[Records for processing — start]

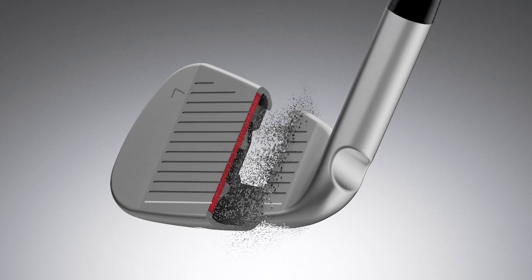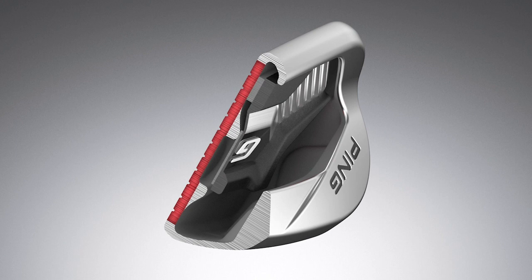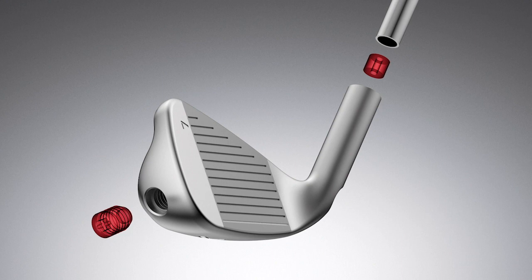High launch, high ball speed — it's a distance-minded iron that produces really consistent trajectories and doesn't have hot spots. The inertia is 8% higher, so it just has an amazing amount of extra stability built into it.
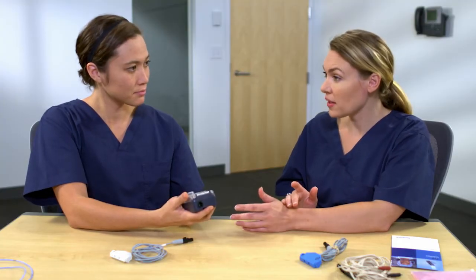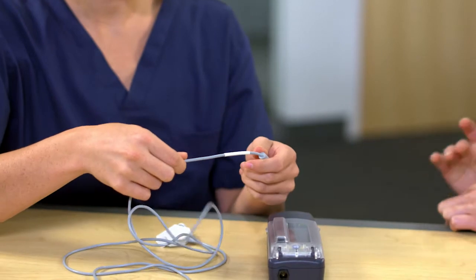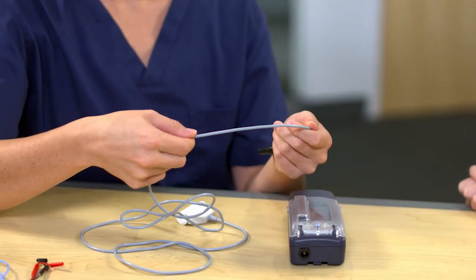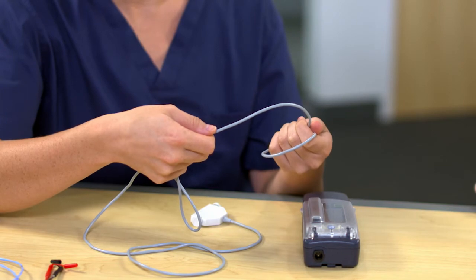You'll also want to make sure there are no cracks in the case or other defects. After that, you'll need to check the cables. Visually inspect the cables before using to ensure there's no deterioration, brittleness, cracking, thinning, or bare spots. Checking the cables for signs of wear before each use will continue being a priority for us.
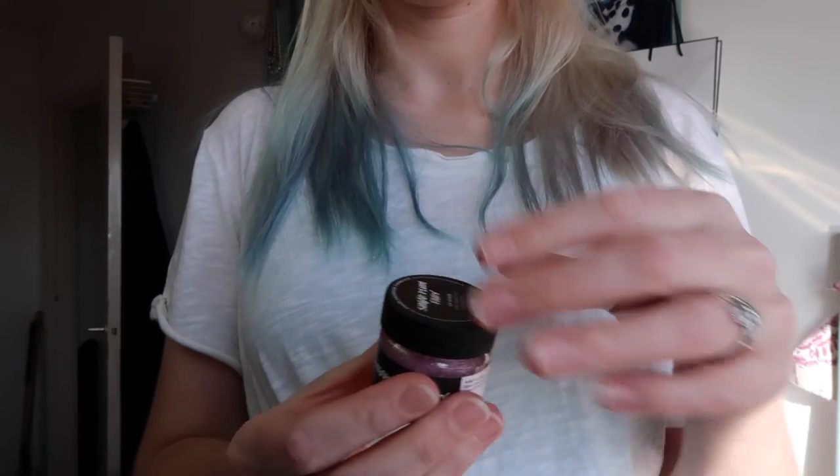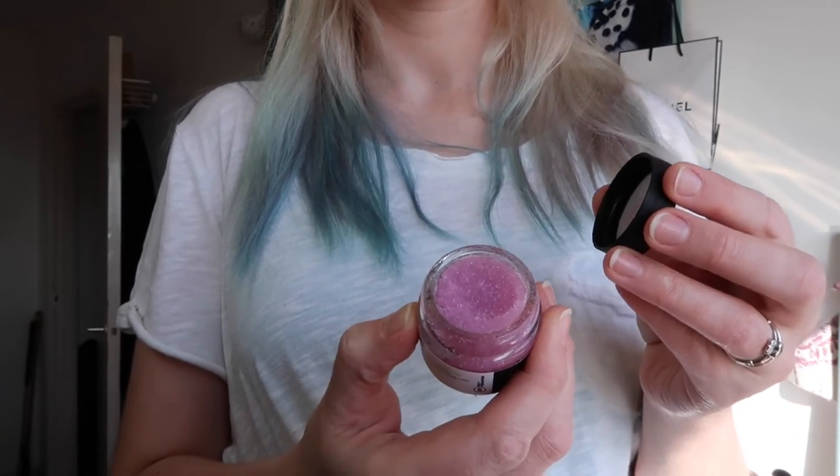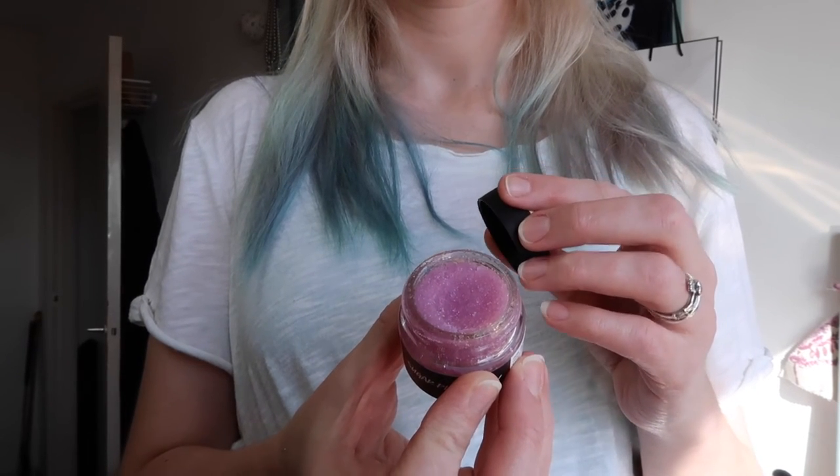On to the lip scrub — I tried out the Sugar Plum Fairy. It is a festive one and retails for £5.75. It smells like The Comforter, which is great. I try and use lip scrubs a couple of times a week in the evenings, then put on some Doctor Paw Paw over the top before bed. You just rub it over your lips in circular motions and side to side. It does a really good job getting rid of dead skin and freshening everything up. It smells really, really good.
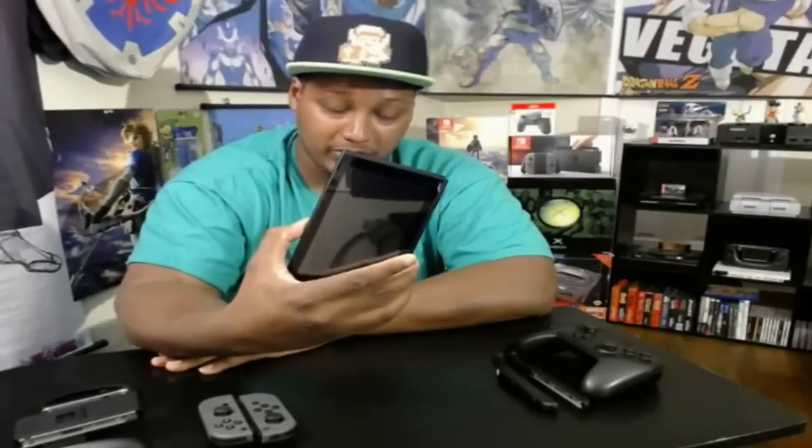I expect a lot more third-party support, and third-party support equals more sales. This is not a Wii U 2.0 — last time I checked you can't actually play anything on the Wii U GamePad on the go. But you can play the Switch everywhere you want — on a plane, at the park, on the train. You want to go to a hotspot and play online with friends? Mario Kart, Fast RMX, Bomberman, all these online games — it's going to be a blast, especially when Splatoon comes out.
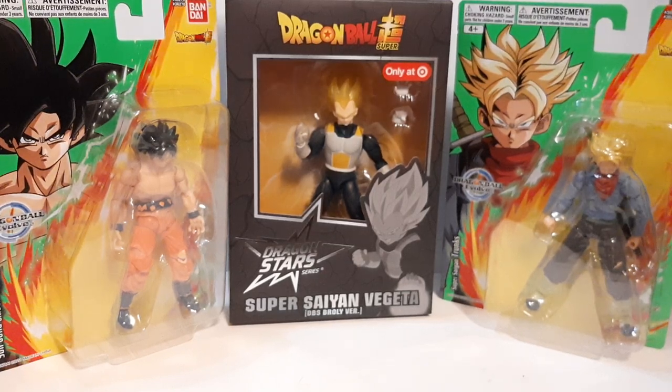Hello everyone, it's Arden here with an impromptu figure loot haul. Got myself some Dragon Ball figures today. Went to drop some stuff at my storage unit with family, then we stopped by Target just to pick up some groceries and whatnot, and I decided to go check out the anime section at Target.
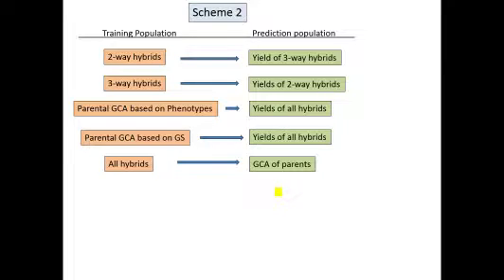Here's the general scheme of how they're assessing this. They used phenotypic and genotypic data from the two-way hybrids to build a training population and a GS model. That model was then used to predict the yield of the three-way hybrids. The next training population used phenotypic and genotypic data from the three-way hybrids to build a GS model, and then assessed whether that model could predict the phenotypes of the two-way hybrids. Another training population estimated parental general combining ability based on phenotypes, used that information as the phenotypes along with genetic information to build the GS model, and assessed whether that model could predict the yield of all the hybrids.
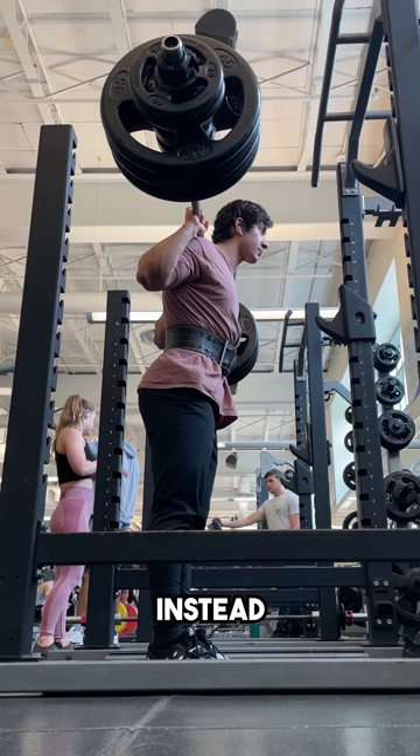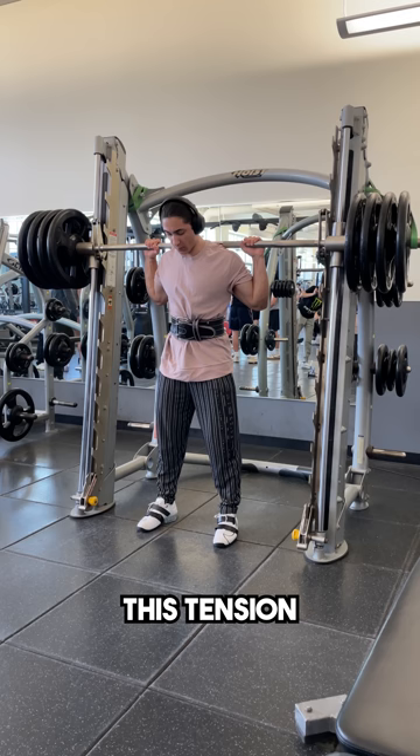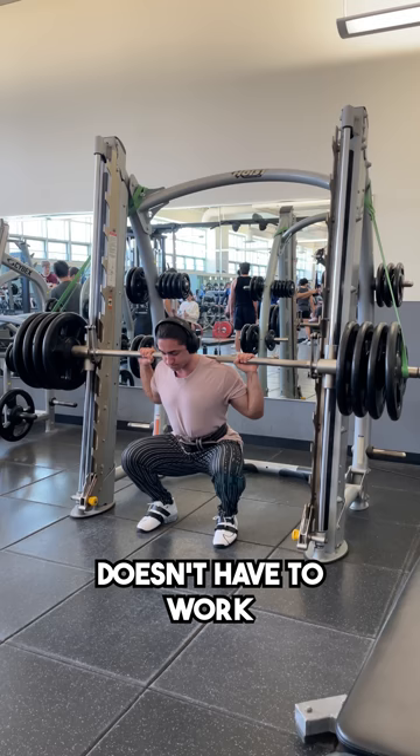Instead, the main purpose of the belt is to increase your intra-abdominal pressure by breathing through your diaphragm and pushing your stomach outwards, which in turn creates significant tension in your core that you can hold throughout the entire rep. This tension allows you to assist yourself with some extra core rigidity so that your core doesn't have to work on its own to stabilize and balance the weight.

[Records for processing — finish]

The expected answer is the complete set of entries, copied verbatim, with no pictures.

**Problem solution:**
High launch, high ball speed — it's a distance-minded iron that produces really consistent trajectories and doesn't have hot spots. The inertia is 8% higher, so it just has an amazing amount of extra stability built into it.
You'll also want to make sure there are no cracks in the case or other defects. After that, you'll need to check the cables. Visually inspect the cables before using to ensure there's no deterioration, brittleness, cracking, thinning, or bare spots. Checking the cables for signs of wear before each use will continue being a priority for us.
On to the lip scrub — I tried out the Sugar Plum Fairy. It is a festive one and retails for £5.75. It smells like The Comforter, which is great. I try and use lip scrubs a couple of times a week in the evenings, then put on some Doctor Paw Paw over the top before bed. You just rub it over your lips in circular motions and side to side. It does a really good job getting rid of dead skin and freshening everything up. It smells really, really good.
I expect a lot more third-party support, and third-party support equals more sales. This is not a Wii U 2.0 — last time I checked you can't actually play anything on the Wii U GamePad on the go. But you can play the Switch everywhere you want — on a plane, at the park, on the train. You want to go to a hotspot and play online with friends? Mario Kart, Fast RMX, Bomberman, all these online games — it's going to be a blast, especially when Splatoon comes out.
Hello everyone, it's Arden here with an impromptu figure loot haul. Got myself some Dragon Ball figures today. Went to drop some stuff at my storage unit with family, then we stopped by Target just to pick up some groceries and whatnot, and I decided to go check out the anime section at Target.
Here's the general scheme of how they're assessing this. They used phenotypic and genotypic data from the two-way hybrids to build a training population and a GS model. That model was then used to predict the yield of the three-way hybrids. The next training population used phenotypic and genotypic data from the three-way hybrids to build a GS model, and then assessed whether that model could predict the phenotypes of the two-way hybrids. Another training population estimated parental general combining ability based on phenotypes, used that information as the phenotypes along with genetic information to build the GS model, and assessed whether that model could predict the yield of all the hybrids.
Instead, the main purpose of the belt is to increase your intra-abdominal pressure by breathing through your diaphragm and pushing your stomach outwards, which in turn creates significant tension in your core that you can hold throughout the entire rep. This tension allows you to assist yourself with some extra core rigidity so that your core doesn't have to work on its own to stabilize and balance the weight.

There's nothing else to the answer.